Consideration of the origin of hyperactive airway appears central to understanding the origin of
asthma. Subjects with and without asthma differ both in the ease with which airway narrowing is
produced by inhalation of histamine or methacholine and in the ability to demonstrate a maximal
response to these agents. The latter appears, on present evidence, to be due to an added
mechanism in asthma rather than the absence of a potent inhibitory process. Hyperactive
airway is probably acquired during life as a result of airway reactions to various stimuli, although
genetic factors such as atopy are likely to predispose the person to develop
hyperresponsiveness. Environmental stimuli include inhaled allergens, chemical sensitizers,
airway infections, immunization, and ozone. Allergen-induced hyperactive airway occurs in
association with late-phase asthmatic responses. This and ozone-induced hyperresponsiveness
have been demonstrated to be associated with release of chemical mediators and the cellular
phase of inflammation. Their effect does not appear to be accounted for by increase in airway
epithelial permeability, decrease in airway caliber, reflex bronchoconstriction, or ß-adrenoceptor
blockade. The mechanism(s) responsible for the induced hyperresponsiveness are unknown but
may involve airway epithelial damage, edema in and around the airway walls, stimulation of the
noncholinergic excitatory or inhibition of the nonadrenergic inhibitory systems, or a change in
function of airway smooth muscle. Hyperactive airway can be transient or persistent. Transient
increases in responsiveness are almost certainly associated with mediator release and
injlammation. It is not known whether persistent hyperresponsiveness is due to the same
process, fired, for example, by leaky mediator-releasing cells andlor to some persisting change
in neurogenic or smooth muscle function. (Hargreave, 1986)

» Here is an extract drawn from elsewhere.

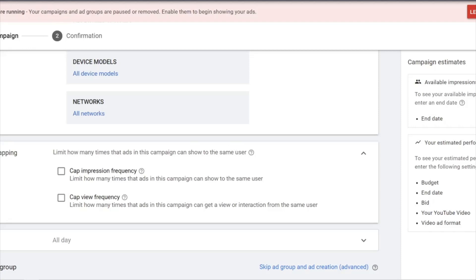When running video ads, especially in-stream ads, bear in mind that the first 30 seconds are free assuming the audience doesn't click. After the first five seconds, the user can choose to skip the ad, so you're effectively not paying anything. However, there's always a percentage of people who just let YouTube run on its own.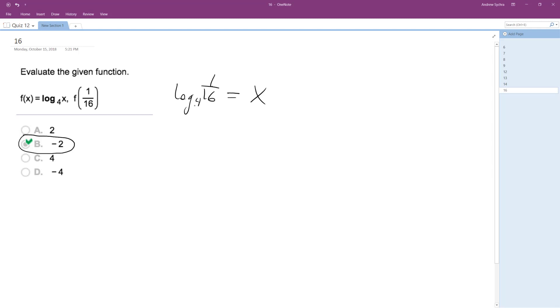So, if I rearrange this in exponential form, this is the same thing as saying 4 raised to the x is equal to 1 over 16.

Hyperactive airway to nonspecific external stimuli is a common feature of asthma and is


responsible for most of the clinical features of this disease (National Asthma Education and
Prevention Program, 2002). Exaggerated airway responses to bronchoconstrictors can also be
detected in a significant proportion of individuals with no history of respiratory diseasesor
complaints of respiratory symptoms (Boulet, 2003). The clinical significance of this phenomenon
is still a matter of debate. Asymptomatic hyperactive could precede the occurrence of asthma
(Laprise, 1997) , perhaps representing a condition of transition from the lack of symptoms to the
asthmatic phenotype. In addition, longitudinal studies have demonstrated that increased airway
responsiveness is associated with an accelerated decline in lung function (Boulet, 2003), not
only in asthmatic subjects but also in individuals with no respiratory symptoms. Therefore, the
assessment of the severity of airway responsiveness could provide valuable information
regarding the natural course of respiratory diseases. It should be emphasised, however, that
this phenomenon has been evaluated mainly among adolescents or young adult individuals,
and little information is available for populations of more advanced age. (Scichilone, 2005)

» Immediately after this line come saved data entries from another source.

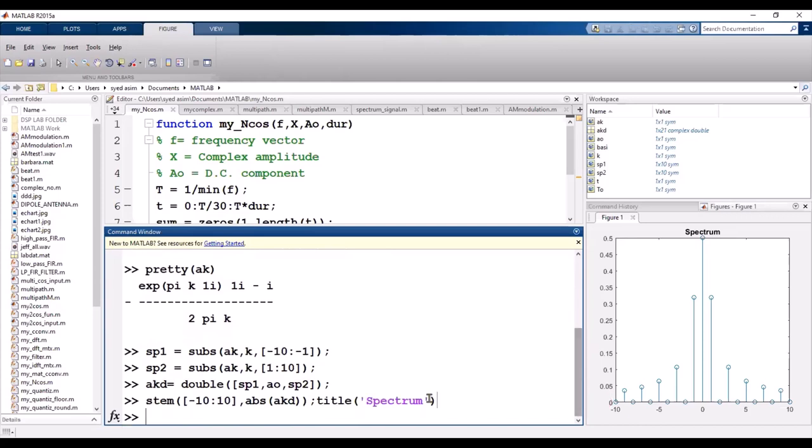Now I am going to use these complex amplitudes to plot the time domain signal — that is, the synthesis step.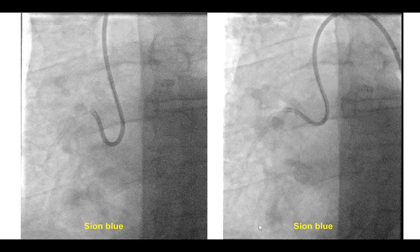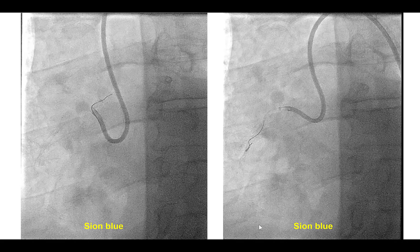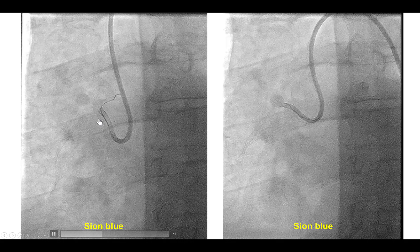It is also very important to use intravascular imaging, because unlike this case in which it was obvious that the stent was under-expanded, sometimes stent under-expansion can be hard to diagnose.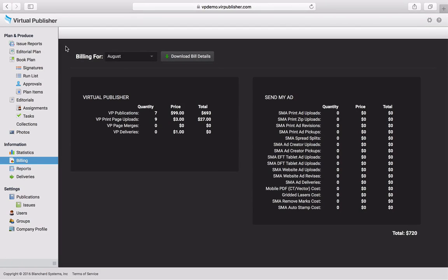When using SendMyAd in Virtual Publisher, viewing billing reports is fast and simple.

Hyperactive airway is an almost universal feature of current symptomatic asthma. Its severity
correlates closely with the severity of variable airflow obstruction, which is how asthma is
currently defined. Consideration of its origin therefore appears central to understanding the
origin of asthma. Postulated hypotheses for the origin have included genetic or acquired in
response to exposure to environmental stimuli such as allergens, infection, or pollutants. These
stimuli have been found to cause an inflammatory reaction, and mediators released in the
inflammatory process appear to be related to the increase in responsiveness. The actual
mechanism of the increased responsiveness of the airway smooth muscle remains poorly
understood. Before discussing possible mechanisms, it is necessary to review what is meant by
airway responsiveness and how it is measured. (Hargreave, 1986)

One of the most important aspects of the mucosal immune system in clinical medicine is its role
in the development of obstructive airway disease. Although the mucosal immune system is
undoubtedly crucial to the survival of humans, certain illnesses are probably a result of an
inability to regulate selected components of the immune response occurring at mucosal sites,
particularly in the airway. In contrast to recurrent bacterial pneumonia and repeated infections of
the sinuses and middle ear cavities, which occur in individuals with immunologic deficits
expressed at mucosal sites, wheezing and hyperactive airway induced by viral infections occur
in individuals who are unable to regulate certain immune pathways but are otherwise
immunologically intact. (Garofalo, 2005)

Neural changes underlying hyperresponsiveness could include changes in 1) afferent (sensory)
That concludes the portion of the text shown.